PROVIDED MATERIAL:
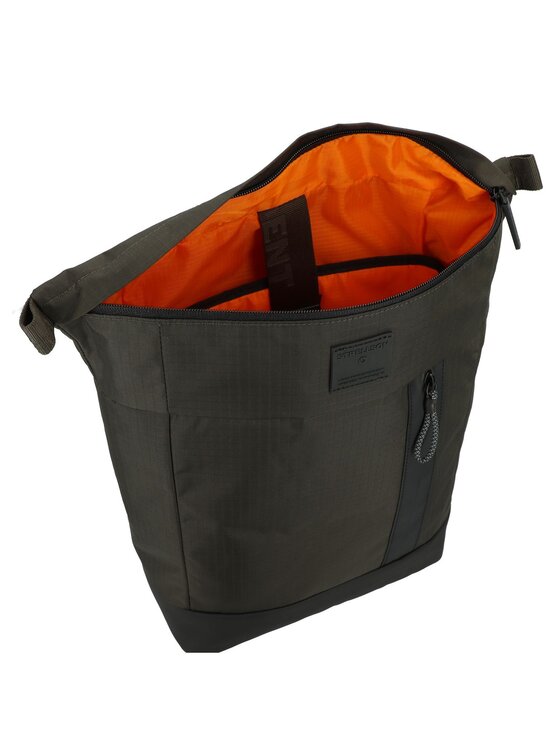 Strellson Strellson Torba 300744 Zielony
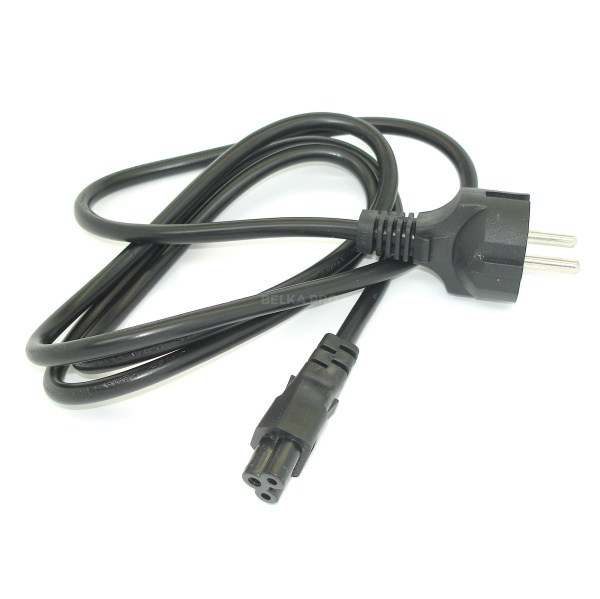 00-00020958 00-00020958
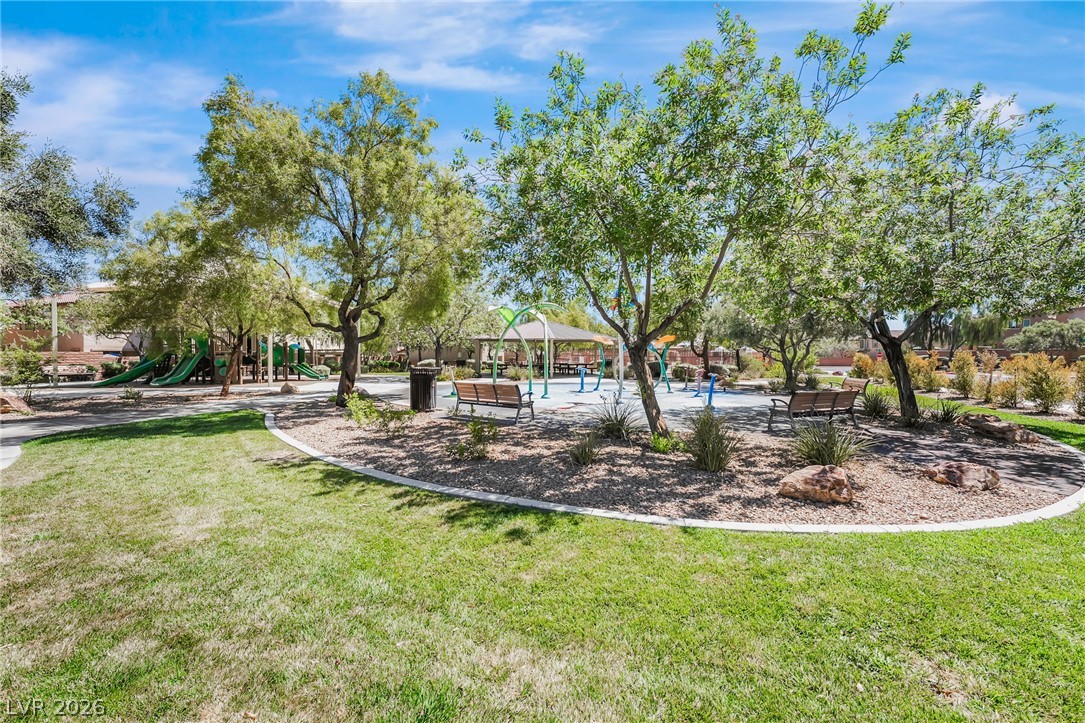 10778 Galveston Bay Street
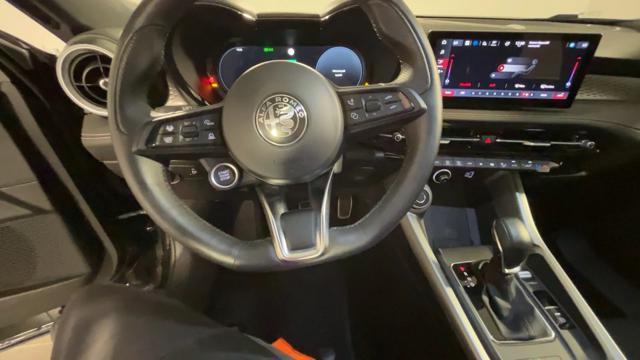 ALFA ROMEO Tonale 1.5 130 CV MHEV TCT7 Sprint - VARI COLORI!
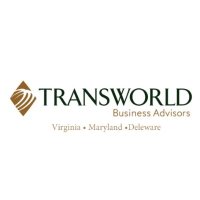 Transworld RVA(@TransworldRVA) 's Twitter Profile Photo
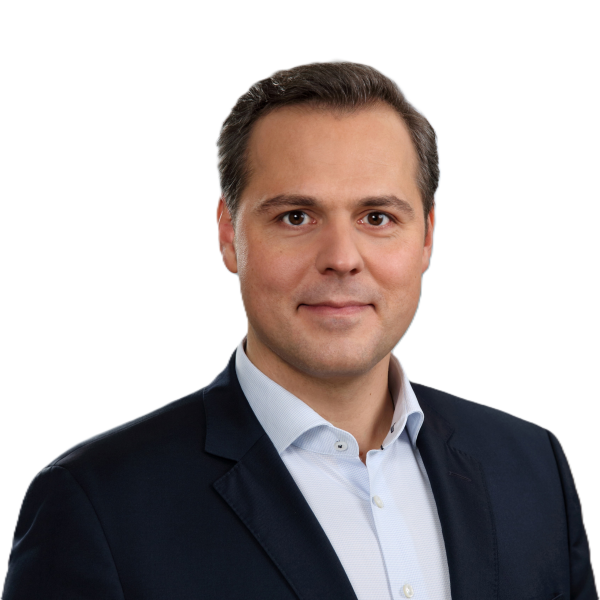 Martin Knocinski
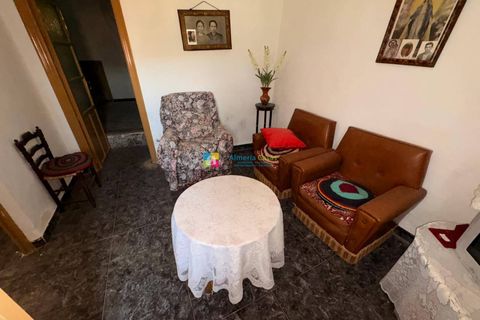 Landejendom i Oria, Almeria, Oria - € 69.500 | Ref: 2779 - foto 6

WORK REQUEST: Repeat each entry exactly. Pictures do not belong in the copy.

EXPECTED ANSWER:
 Strellson Strellson Torba 300744 Zielony
 00-00020958 00-00020958
 10778 Galveston Bay Street
 ALFA ROMEO Tonale 1.5 130 CV MHEV TCT7 Sprint - VARI COLORI!
 Transworld RVA(@TransworldRVA) 's Twitter Profile Photo
 Martin Knocinski
 Landejendom i Oria, Almeria, Oria - € 69.500 | Ref: 2779 - foto 6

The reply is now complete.